Because of the unusual amount of surfacing and equipment, the final bill for the original playground came to over $860,000 despite discounts from both Little Tikes and Vitricon. Comparatively, the second Hadley's Park in Dulles, VA., is both much smaller (5,000 square feet) and much cheaper (an estimated $175,000), but it is no less important than the flagship park in Maryland. Kramm plans on developing each park with a unique theme, and the second playground is designed to resemble ‘Main Street U.S.A.’--complete with a Hadley's Hotel and a post office named in Sarah's honor.

"I guess it's like having children," Shelley says of the Hadley's Parks. "Each pregnancy you have is going to be different; each birth is going to be different; each child you have is going to be different."

But it sure helps to have some experience the second time around.

"The first one was a culmination of a much longer period of time and a lot more work," Kenny says. "The second was much smaller, plus we had already made connections and people had donated a lot of money.”

"For me, the great feeling about the opening of the second park was knowing that this thing is going to continue. It's not going to just stop with the first one."

How could it? Soon after it opened, the inaugural Hadley's Park started to draw parents and children from as far away as Baltimore.

"Even on rainy days the parking lot is full," Kenny Kramm notes.

"Overall, it's the most popular playground I've ever been involved in," Oranburg seconds. "It seems like there's always kids there."

And the playground came to be a very popular place not just for disabled children, but for disabled parents with able-bodied children, an added aspect of the park that the Kramms had not initially considered.

"The most touching thing to me at the opening of the first park was seeing a father in a wheelchair pushing his daughter back and forth on the track ride," Oranburg says. "I believe it's probably the first time he's ever been able to interact with his child on a playground. To me, it was every bit as touching to see that parent share in that as it was to see the kids on the playground.

"It really is a family event, and it's nice to see everyone included. That's what makes (Hadley's Park) unique from most other 'accessible' playgrounds."

But then, Hadley's Parks were designed to be an entertaining social spot for all types of kids and all kinds of adults. There are signs in both Braille and sign language, and Shelley likes to stress the importance of having a place where parents and siblings of disabled children can gather together to talk and share similar experiences.

"There's not too many places in this country where Sarah can stand in line and meet another sibling of a child with a disability. It's a good thing for her."

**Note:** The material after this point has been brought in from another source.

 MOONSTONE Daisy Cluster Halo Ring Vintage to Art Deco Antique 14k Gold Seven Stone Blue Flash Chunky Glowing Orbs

And judging by the turnout at the grand opening for the second Hadley's Park, it's a good thing for the entire community. CNN News anchor Judy Woodruff, took time away from the chaos that followed the presidential election to fill the role of master of ceremonies, while many of those involved with the project, including representatives from Lerner Enterprises, which provided the land adjacent to it’s Dulles Town Center mall, were applauded for their efforts.

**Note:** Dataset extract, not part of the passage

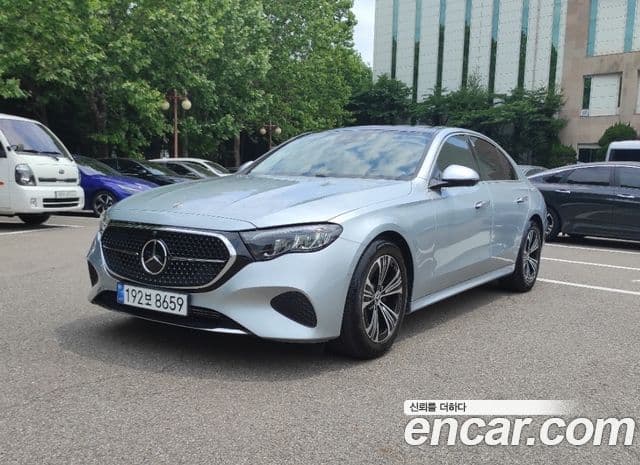 Mercedes-Benz E-Class 2024 — Şəkil 1/20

Although many people bolted for the warmth of their automobiles soon after the dedication and ribbon cuttings were complete, some continued to brave the cold to give their congratulations to the Kramms. That left an opportunity for some of the children to give the new playground a test run.

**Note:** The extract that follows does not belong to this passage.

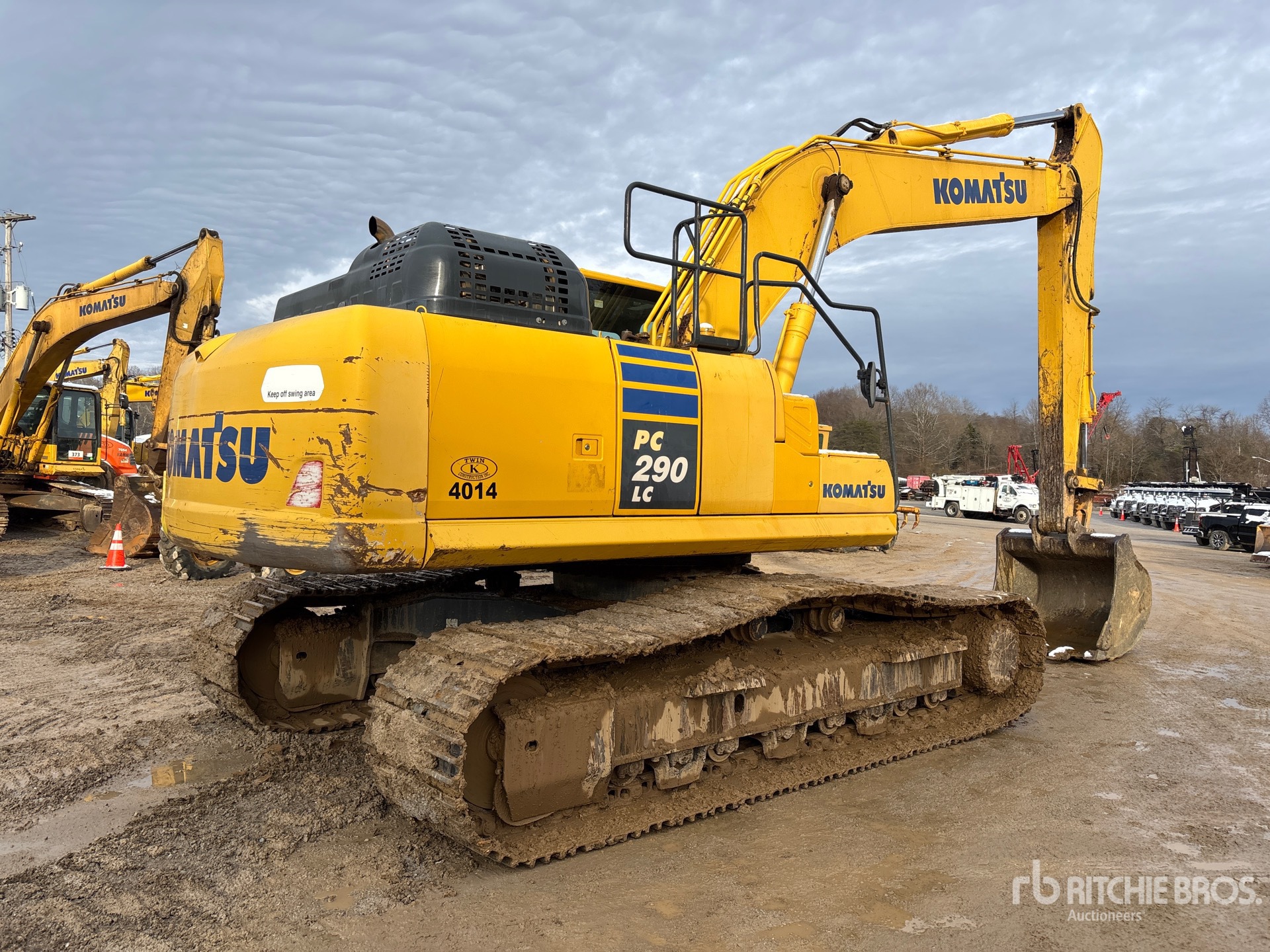 General Appearance with Foto, angolo anteriore sinistro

One of those at work on the playground is 2-year-old Katie Fitzpatrick. Katie is a healthy, young girl, and her mother, Sally, is able-bodied, as well; their interest in Hadley's Park comes from someone who was unable to attend the joyous occasion.

"My husband was in a wheelchair, and he passed away from complications of MS," explains Sally, who donated money for the construction of the first Hadley's Park.

"We know from watching him on the sidelines what it's like to not be able to participate. I think this is a wonderful idea for kids-an accessible park."